[Updated: Sun, Nov 27, 2022 - 14:04:50 ]

The prediction algorithms are classified into two main categories in
the machine learning literature: *supervised* and
*unsupervised*. Supervised algorithms are used when the dataset
has an actual outcome of interest to predict (labels), and the goal is
to build the “best” model predicting the outcome of interest. On the
other side, unsupervised algorithms are used when the dataset doesn’t
have an outcome of interest. The goal is typically to identify similar
groups of observations (rows of data) or similar groups of variables
(columns of data) in data. In this course, we plan to cover several
*supervised* algorithms. Linear regression is one of the most
straightforward approaches among supervised algorithms and the easiest
to interpret.

In most general terms, the linear regression model with \(P\) predictors (\(X_1\),\(X_2\),\(X_3\),…,\(X_p\)) to predict an outcome (\(Y\)) can be written as the following:

\[ Y = \beta_0 + \sum_{p=1}^{P} \beta_pX_{p} + \epsilon.\] In this model, \(Y\) represents the observed value for the outcome of an observation, \(X_{p}\) represents the observed value of the \(p^{th}\) variable for the same observation, and \(\beta_p\) is the associated model parameter for the \(p^{th}\) variable. \(\epsilon\) is the model error (residual) for the observation.

This model includes only the main effects of each predictor and can be easily extended by including quadratic or higher-order polynomial terms for all (or a specific subset of) predictors. For instance, the model below includes all first-order, second-order, and third-order polynomial terms for all predictors.

\[ Y = \beta_0 + \sum_{p=1}^{P} \beta_pX_{p} + \sum_{k=1}^{P} \beta_{k+P}X_{k}^2 + \sum_{m=1}^{P} \beta_{m+2P}X_{m}^3 + \epsilon.\] Sometimes, the effect of predictor variables on the outcome variable is not additive, and the effect of one predictor on the response variable can depend on the levels of another predictor. These non-additive effects are also called interaction effects. The interaction effects can also be a first-order interaction (interaction between two variables, e.g., \(X_1*X_2\)), second-order interaction (\(X_1*X_2*X_3\)), or higher orders. It is also possible to add the interaction effects to the model. For instance, the model below also adds the first-order interactions.

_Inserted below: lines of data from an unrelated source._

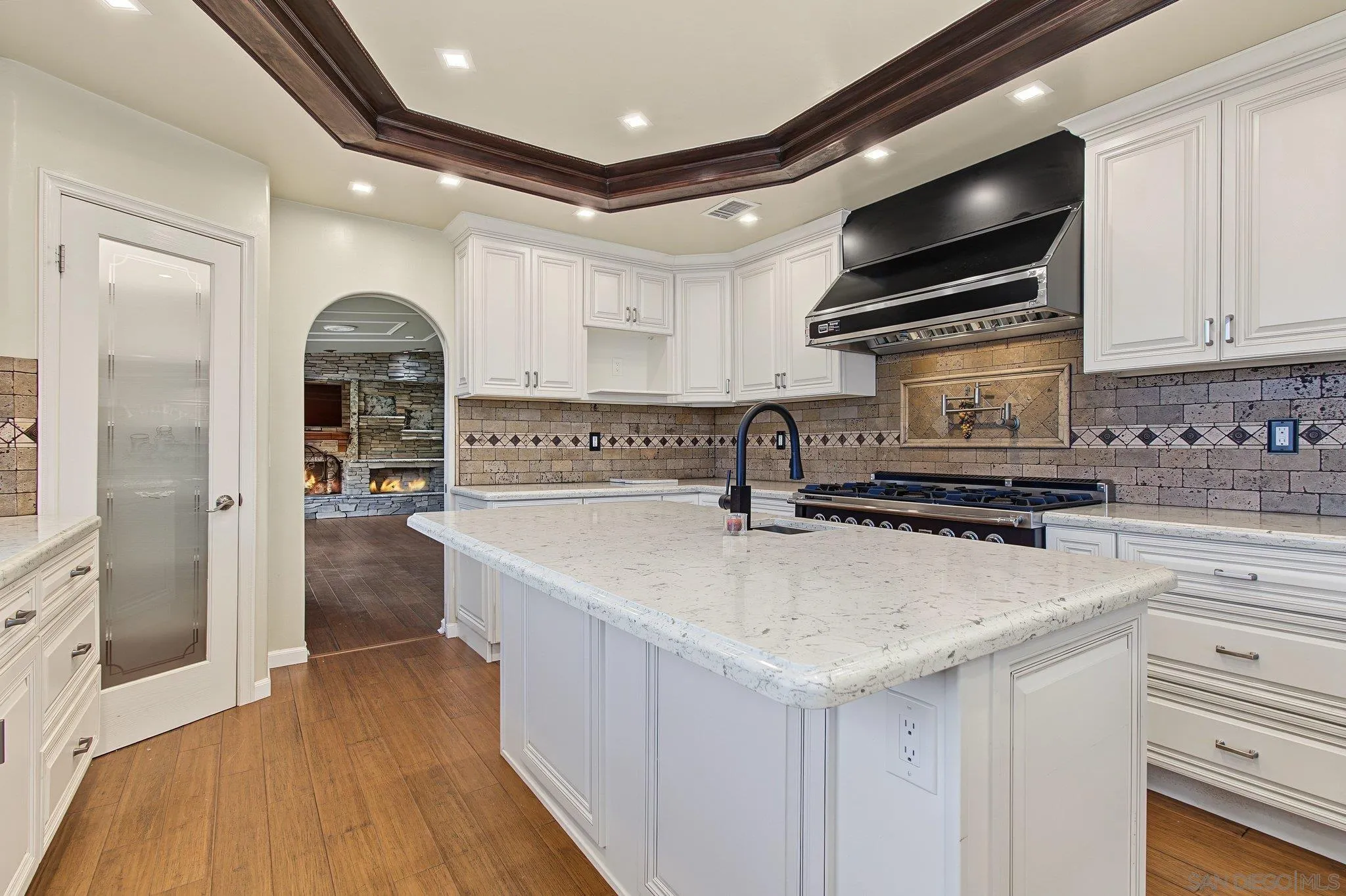 https://cdn.realtyfeed.com/cdn/127/260023457/9d45cafd1e9522f155520c57fb28af2c.webp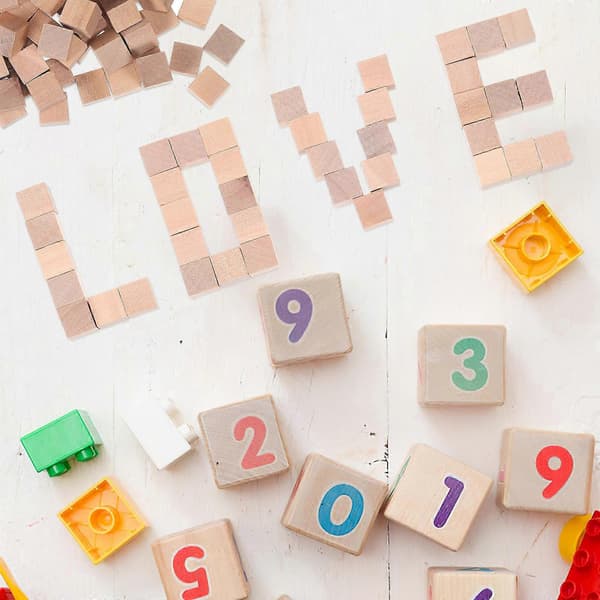 400 Pcs. Wooden Blocks Unfinished Wood Cubes Square Blocks Educational Craft Cubes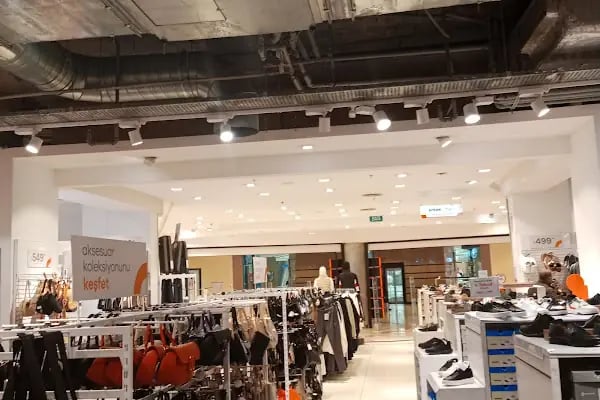 FLO Kale AVM Mağazası - Resim 5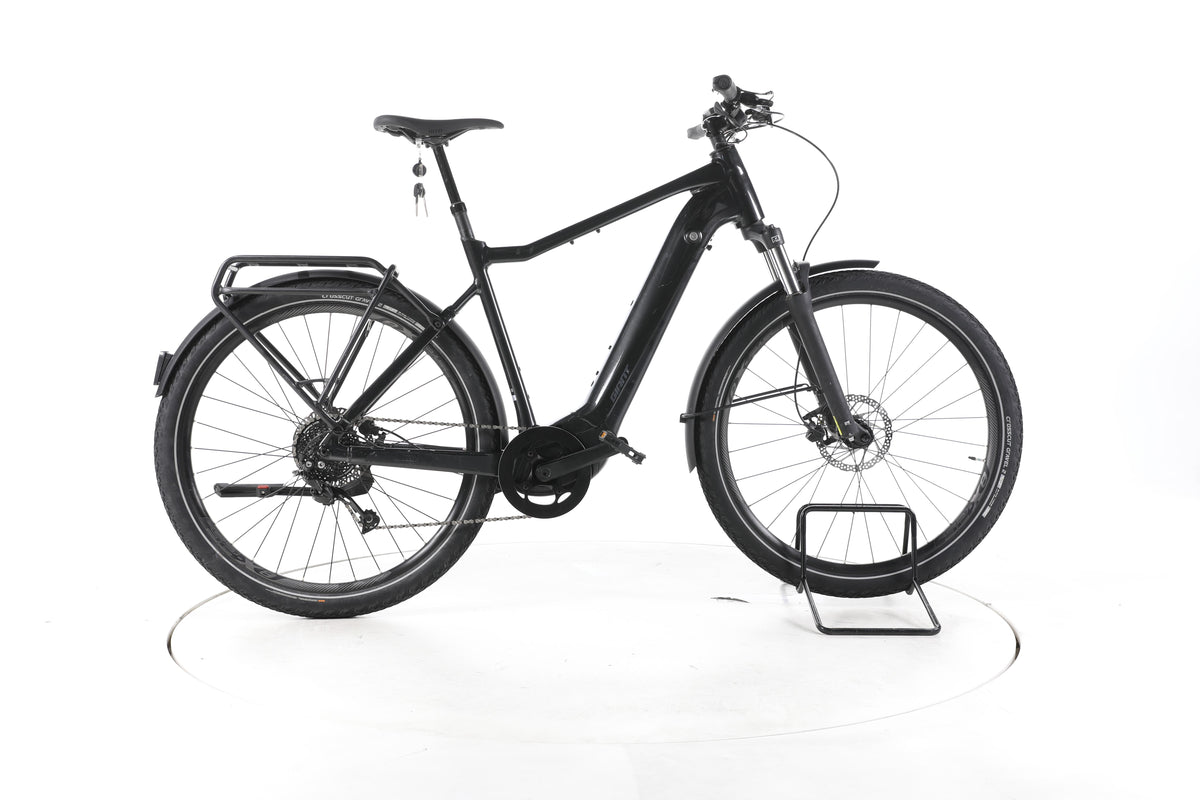 Giant Explore E+2 Trekking E-Bike - Image 1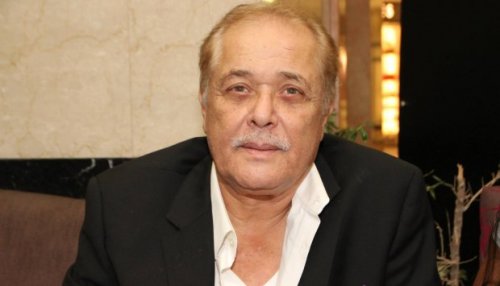 نجل محمود عبد العزيز : والدي لم يمت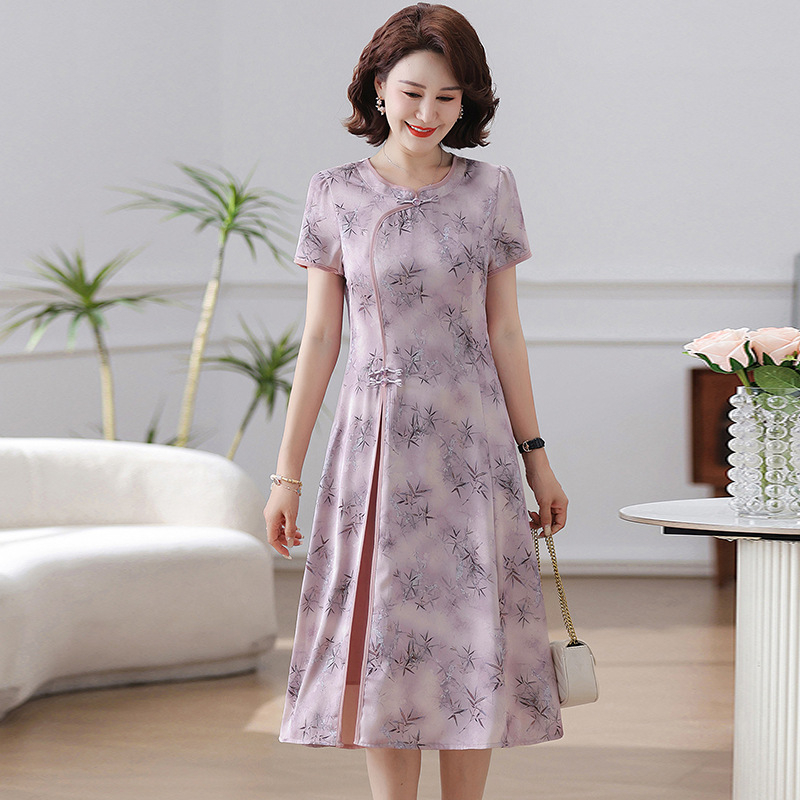 Elegantna ljetna haljina inspirirana kineskim stilom cheongsam, srednja duljina, poliester tkanina, diskasti kopča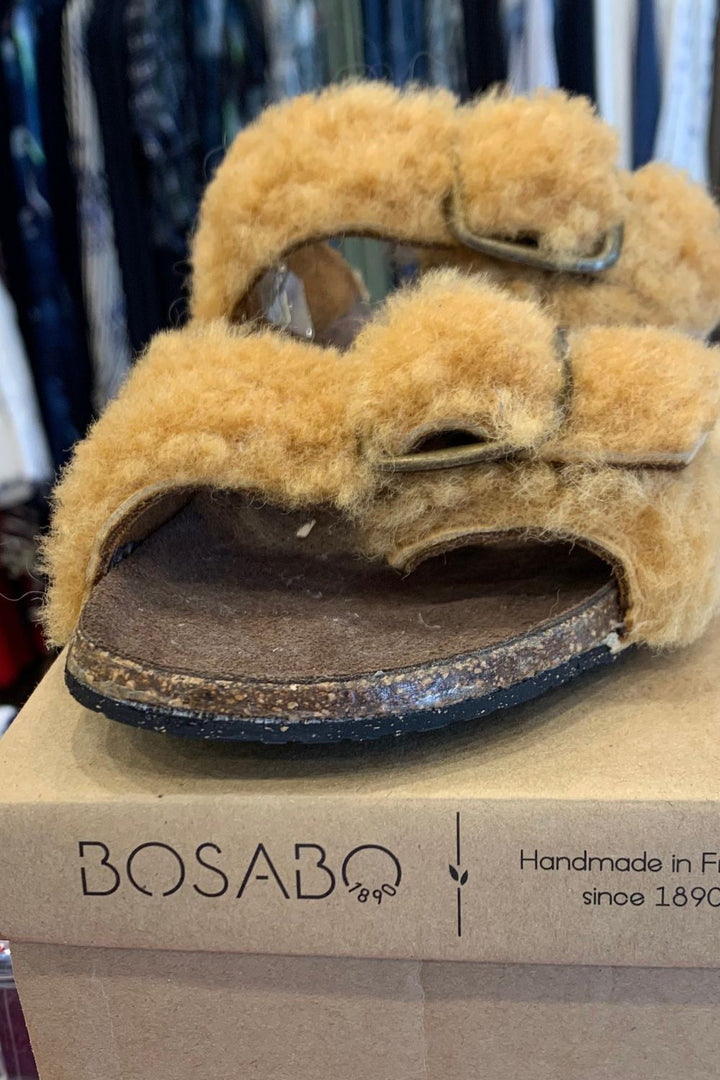 Bosabo | Mouton Slides | Camel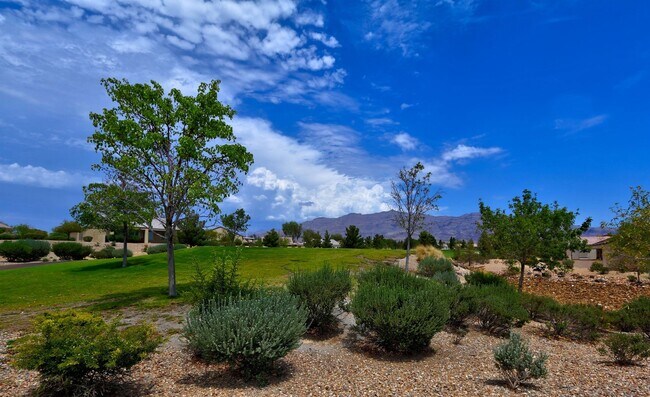 Building Photo - Lovely Home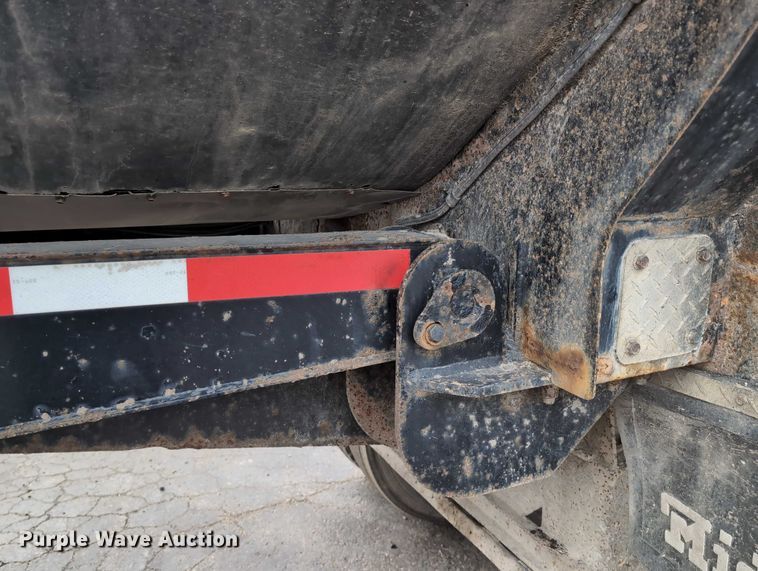 image for item DV0839 2002 Midland St2400 end dump trailer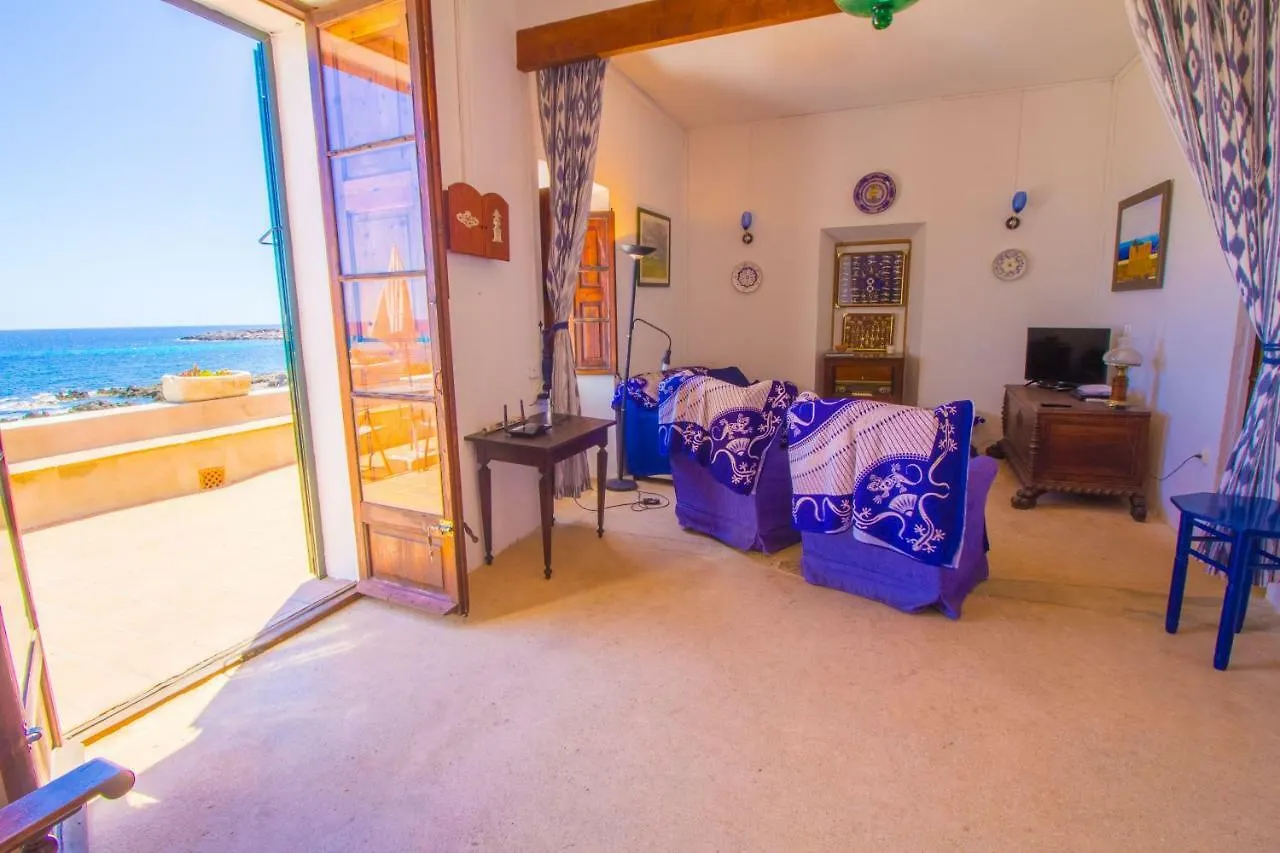 Holiday home Authentic Fisherman'S House On The Seafront Cala Ratjada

\[ Y = \beta_0 + \sum_{p=1}^{P} \beta_pX_{p} + \sum_{k=1}^{P} \beta_{k+P}X_{k}^2 + \sum_{m=1}^{P} \beta_{m+2P}X_{m}^3 + \sum_{i=1}^{P}\sum_{j=i+1}^{P}\beta_{i,j}X_iX_j + \epsilon.\] If you are uncomfortable or confused with notational representation, below is an example of different models you can write with three predictors (\(X_1,X_2,X_3\)).

A model with only main effects:

\[ Y = \beta_0 + \beta_1X_{1} + \beta_2X_{2} + \beta_3X_{3}+ \epsilon.\]

A model with polynomial terms up to the 3rd degree was added:

\[Y = \beta_0 + \beta_1X_1 + \beta_2X_2 + \beta_3X_3 + \\ \beta_4X_1^2 + \beta_5X_2^2 + \beta_6X_3^2+ \\ \beta_{7}X_1^3 + \beta_{8}X_2^3 + \beta_{9}X_3^3\]

A model with both interaction terms and polynomial terms up to the 3rd degree was added:

\[Y = \beta_0 + \beta_1X_1 + \beta_2X_2 + \beta_3X_3 + \\ \beta_4X_1^2 + \beta_5X_2^2 + \beta_6X_3^2+ \\ \beta_{7}X_1^3 + \beta_{8}X_2^3 + \beta_{9}X_3^3+ \\ \beta_{1,2}X_1X_2+ \beta_{1,3}X_1X_3 + \beta_{2,3}X_2X_3 + \epsilon\]

Suppose that we would like to predict the target readability score for a given text from the Feature 220 (there are 768 features extracted from the NLP model as numerical embeddings). Below is a scatterplot to show the relationship between these two variables for a random sample of 20 observations. There seems to be a moderate positive correlation. So, we can tell that the higher the score for Feature 220 is for a given text, the higher the readability score (more challenging to read).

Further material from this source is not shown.